I'm not sure this check is still necessary, but CRIS is a rather niche
architecture. On most architectures, word-aligning structures boosts
performance at negligible memory cost, so compilers do it automatically.

> How about a check for misalignment?

The kernel is written in a dialect of C that makes several assumptions about the
compiler, among them that the compiler won't screw this up unless you tell it
to. Any compiler that has alignment problems with the rbtree code is going to
have similar problems in lots of other places too. We don't support those
compilers.

-- Chris

2008-10-17 22:48:00

by Maxim Levitsky

[permalink] [raw]
Subject: Re: [Slightly off topic] A question about R/B trees.

Chris Snook wrote:
> Maxim Levitsky wrote:
>> I am working on my small project, and I need a fast container to hold
>> a large sparse array.
>> Balanced trees seem to fit perfectly.
>
> Balanced trees take O(log n) to perform a great many operations, and
> traversing a binary tree is a particularly bad case for branch
> prediction.

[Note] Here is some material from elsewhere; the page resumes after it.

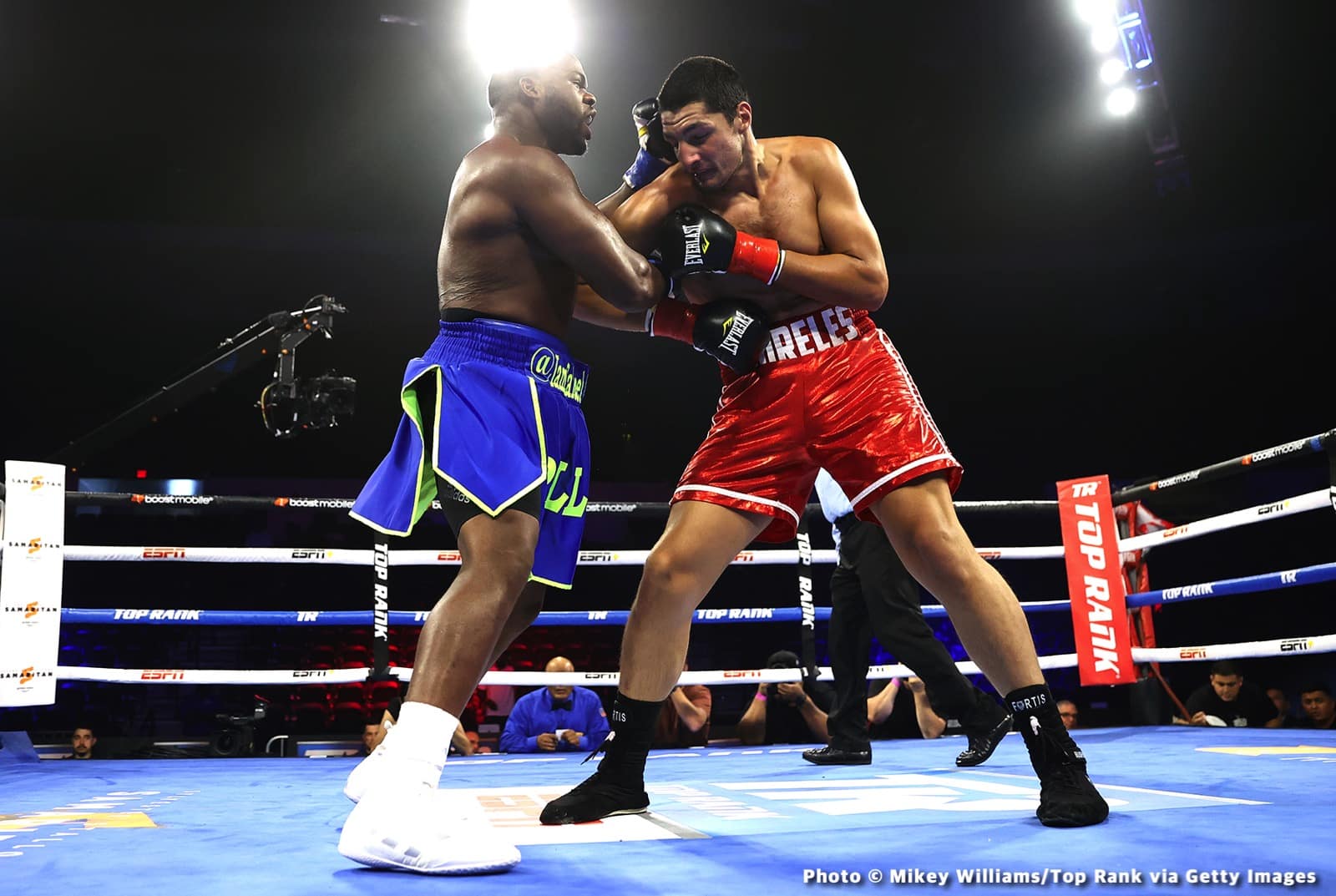 Emanuel Navarrete Knocks Out Eduardo Baez - Boxing Results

Hash tables will perform much better, unless you get them
> horribly wrong.
Let me explain.

I am writing a userspace packet writing application.

One of things I need is to have a cache of the disk.

I need an 'array' that will hold cache of written blocks in ascending order,
I need to be able to insert a block anywhere in the array, and be able to read it
from lowest block to highest.

Hash tables can't be read this way, right?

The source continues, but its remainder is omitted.